On an individual level, this is like the bank cutting off the overdraft that you rely on when you have just started a family and your rent has gone up. You are forced to cut spending on non-essentials, but deciding what ‘the essentials’ are is tough.

NHS commissioners are starting to have honest conversations with their local populations about these tough choices. A recent example was the public consultation launched by St Helen’s clinical commissioning group about how to fill its £12.5 million funding gap this year. The money saving options presented to the public included ending prescriptions for over-the-counter medicines or gluten-free products, restricting access to IVF, or pausing non-urgent hospital referrals for a four-month period over the winter. The final option was withdrawn from the consultation after a public outcry that made headlines, but the fact it was being considered in the first place underlines the seriousness of the current financial challenge.

Of course, financial pressures affect some parts of the health system more than others. While NHS England has overspent on its specialised commissioning budget for the past three years (this budget pays for specialised treatment for the sickest patients), local authorities had to find £200 million pounds of savings in their public health budget last year, and have been asked to make a further 3.9 per cent annual real-terms savings for the next five years. While protecting care for the sickest patients has to be the right thing to do, cuts to public health budgets are stacking up problems for the future.

Less obvious, but equally important, are cases where patients still receive treatment but the quality of their care is diluted. For example in a service where staff numbers have been cut, they may be forced to spend less time with each patient or see them less often. Work by The King’s Fund on mental health and district nursing services shows that these are two areas particularly under pressure. It is in community settings that the impact of financial pressures goes largely unseen due to a lack of data being available to monitor quality. And these pressures have knock-on effects elsewhere in the system, as illustrated by our work on the current crisis in general practice and the crisis in social care.

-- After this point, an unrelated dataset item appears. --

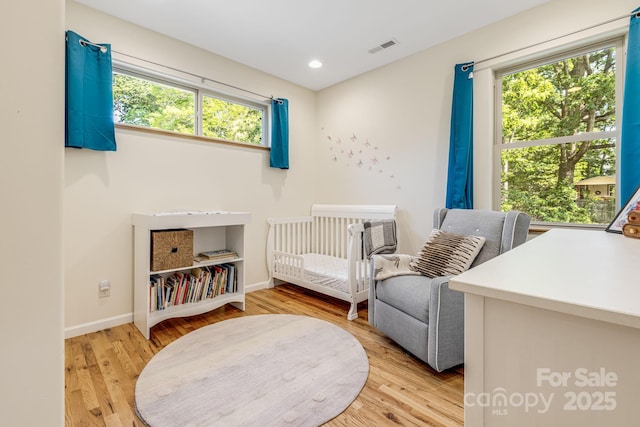 506 Hiawassee Ave, Black Mountain, NC 28711 - bedroom with multiple windows, light wood-type flooring, baseboards, a crib, and recessed lighting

Decisions to withhold or substitute treatment are not necessarily bad for patients if they are based on evidence about clinical effectiveness. For example, there are cases where the risks associated with having surgery outweigh the benefits for certain patients. There is also evidence from across the NHS of the overuse of ineffective treatments – an area where the NHS should be looking for opportunities to improve quality of care, as well as to save money.

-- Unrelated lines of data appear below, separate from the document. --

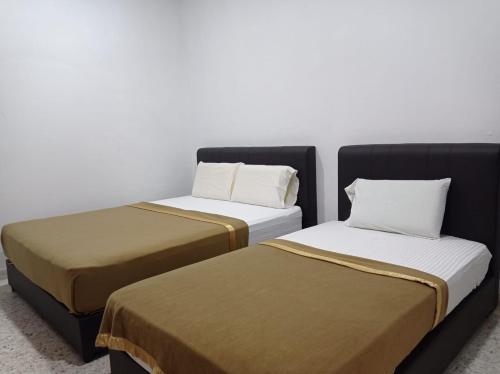 two beds sitting next to each other in a room at E1397 Guest House in Kuantan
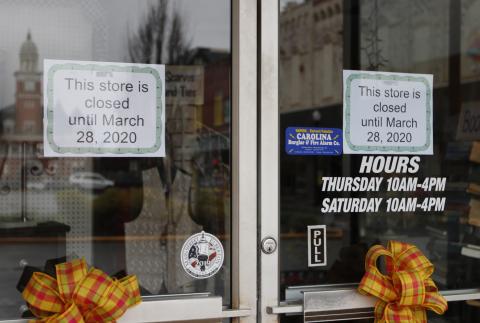 C&M Thrift Store posted signs on their doors to let customers know they would be closed until March 28. (Photo by Scoggins)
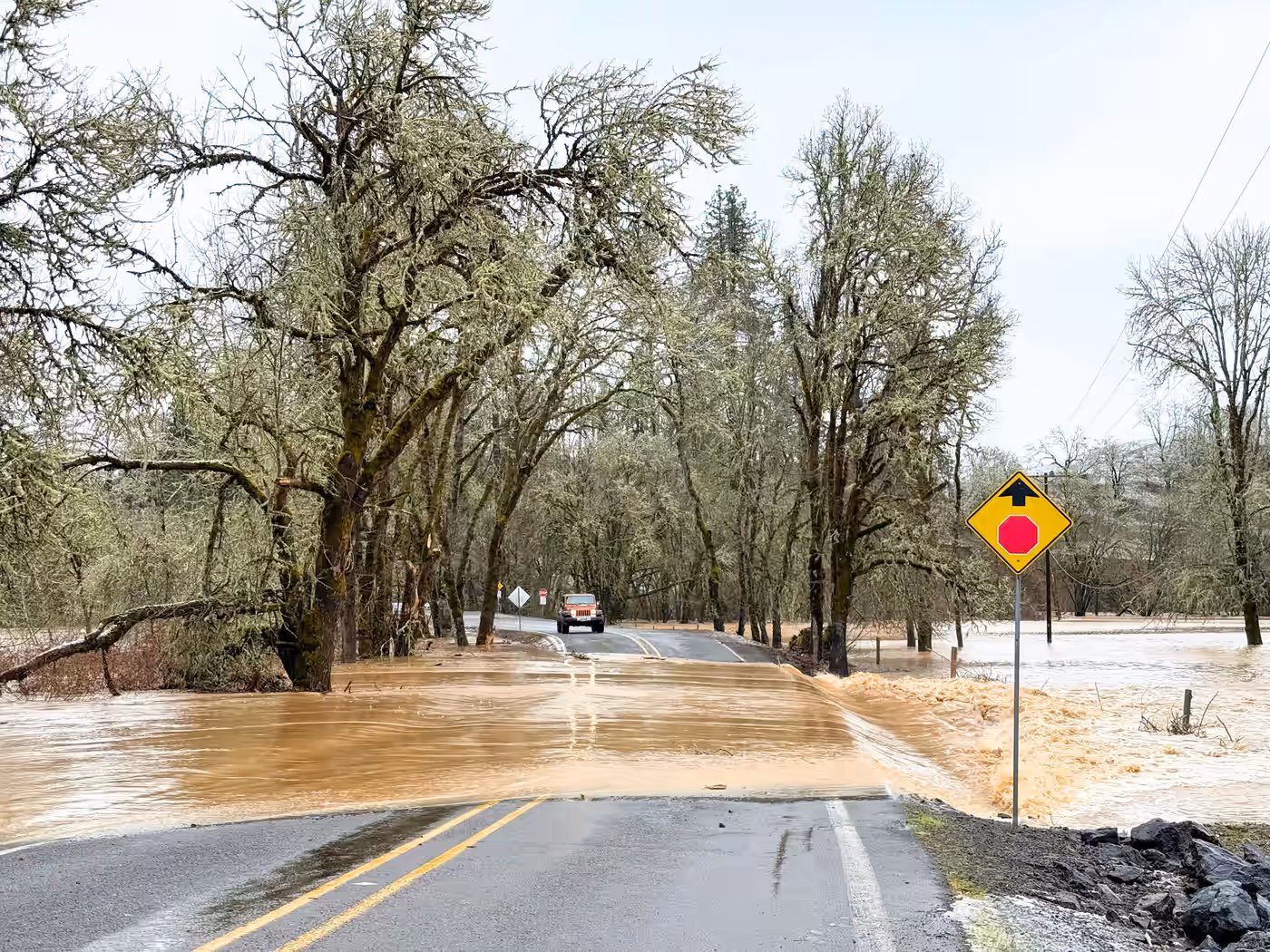 Floodwater covering Rochester Bridge Road near Oakland, Oregon after record rainfall in March 2025 — Aaron Cherry, REALTOR in Roseburg, Oregon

Considering the wider impact of financial pressures on the health care system, it’s important to remember too that it’s not only patients who are affected. NHS staff often act as a buffer, working longer hours or more intensely to ensure the people they treat still receive a high-quality service. This can increase staff stress levels and lead to low morale, something that is particularly worrying given evidence that staff wellbeing can have a direct impact on patients’ experience of care.

The King’s Fund is currently researching how the slowdown in NHS funding since 2010 has affected patients’ access to high-quality care. The findings from this study, which will be published early next year, will provide valuable insight into the impact that financial pressures have had on NHS patients and staff. In the meantime the government should be honest with the public about what the NHS is realistically able to offer with its available funding.